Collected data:

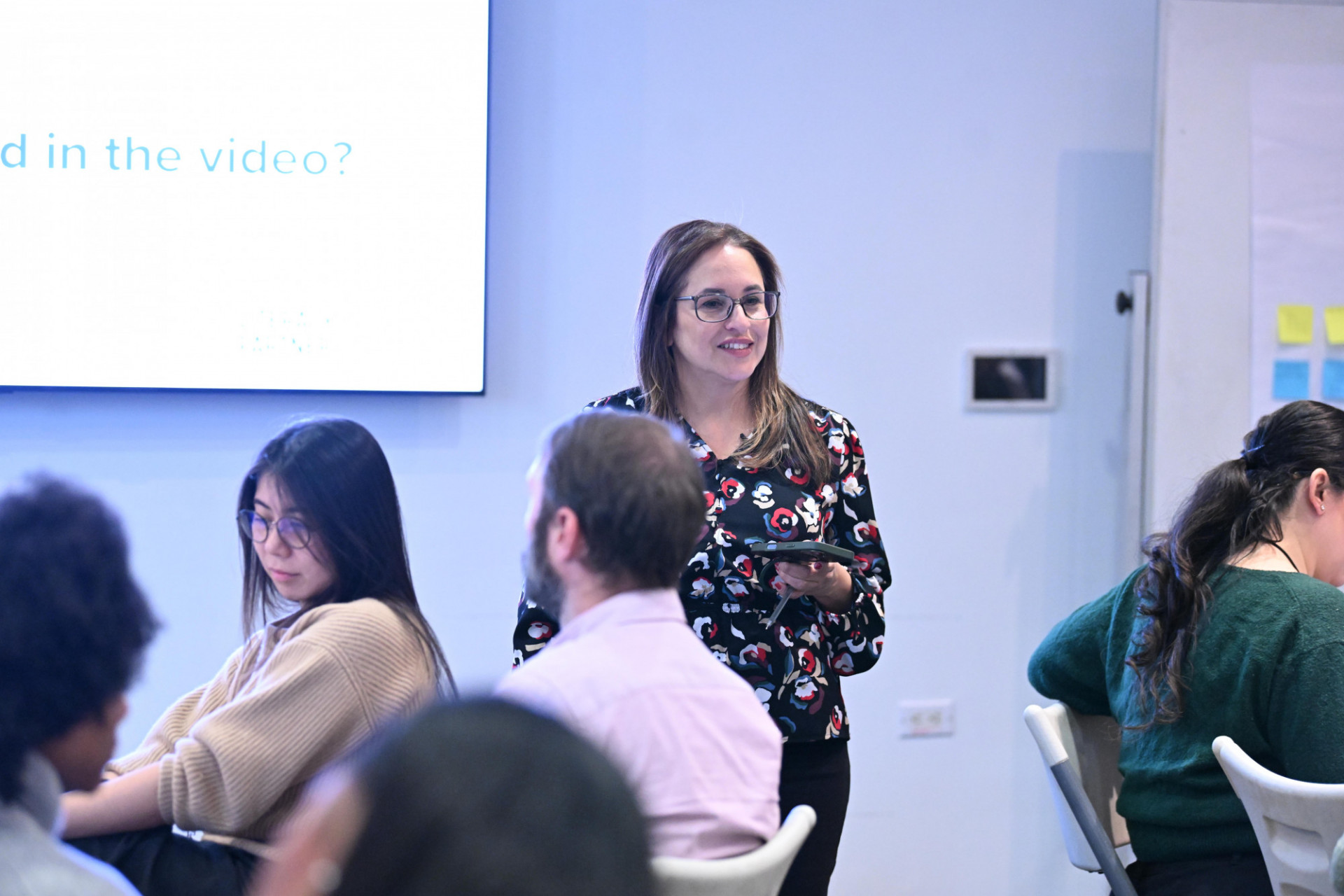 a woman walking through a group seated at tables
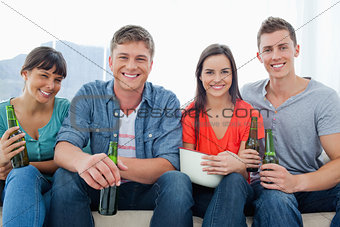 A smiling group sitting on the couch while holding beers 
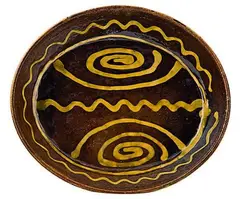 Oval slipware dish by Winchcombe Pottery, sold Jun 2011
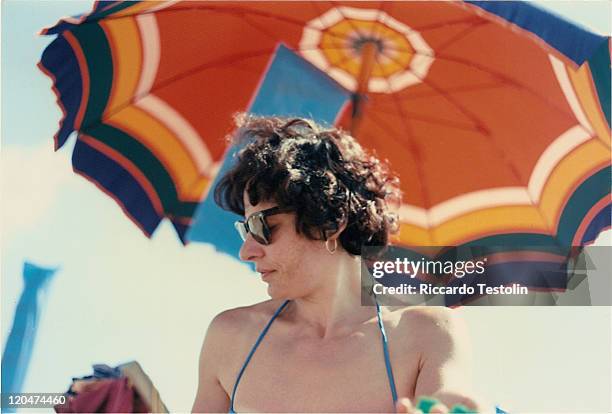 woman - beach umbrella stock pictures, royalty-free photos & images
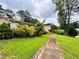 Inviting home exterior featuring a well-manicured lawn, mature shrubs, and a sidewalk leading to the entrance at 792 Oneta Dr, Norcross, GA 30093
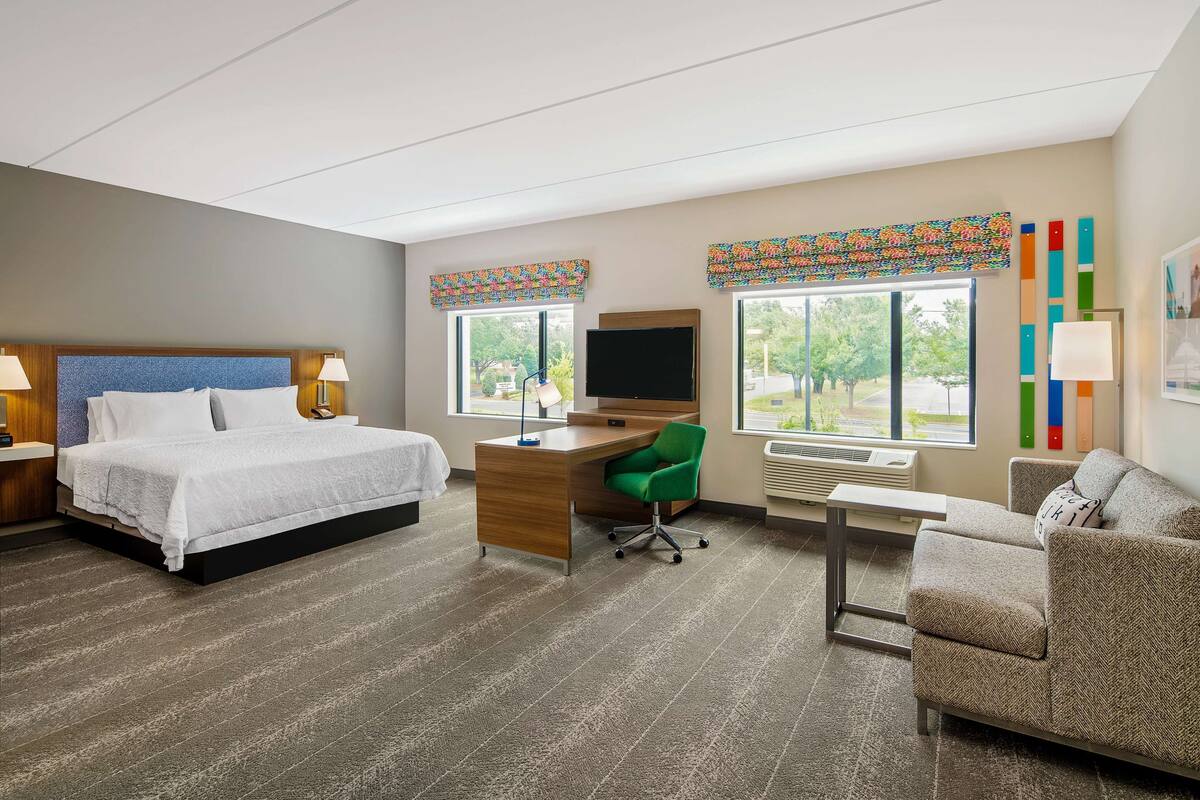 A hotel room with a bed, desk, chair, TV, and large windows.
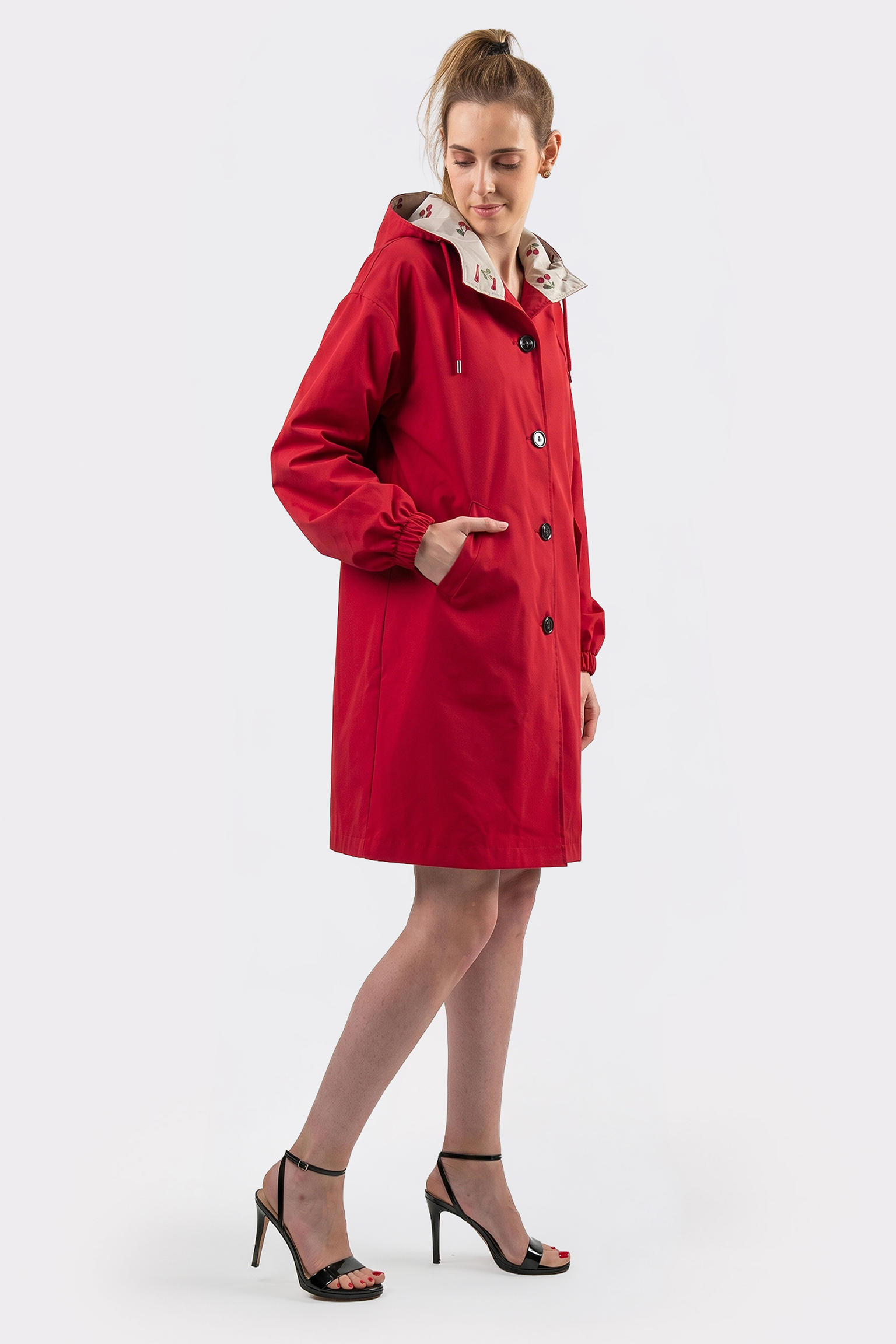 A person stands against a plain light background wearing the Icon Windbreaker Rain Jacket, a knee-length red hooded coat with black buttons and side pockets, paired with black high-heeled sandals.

### Exercise:
When you transcribe the entries above, begin at their first line, end with the line containing "woman - beach", and copy each line exactly without any picture.

### Answer to the exercise:
 a woman walking through a group seated at tables
 A smiling group sitting on the couch while holding beers 
 Oval slipware dish by Winchcombe Pottery, sold Jun 2011
 woman - beach umbrella stock pictures, royalty-free photos & images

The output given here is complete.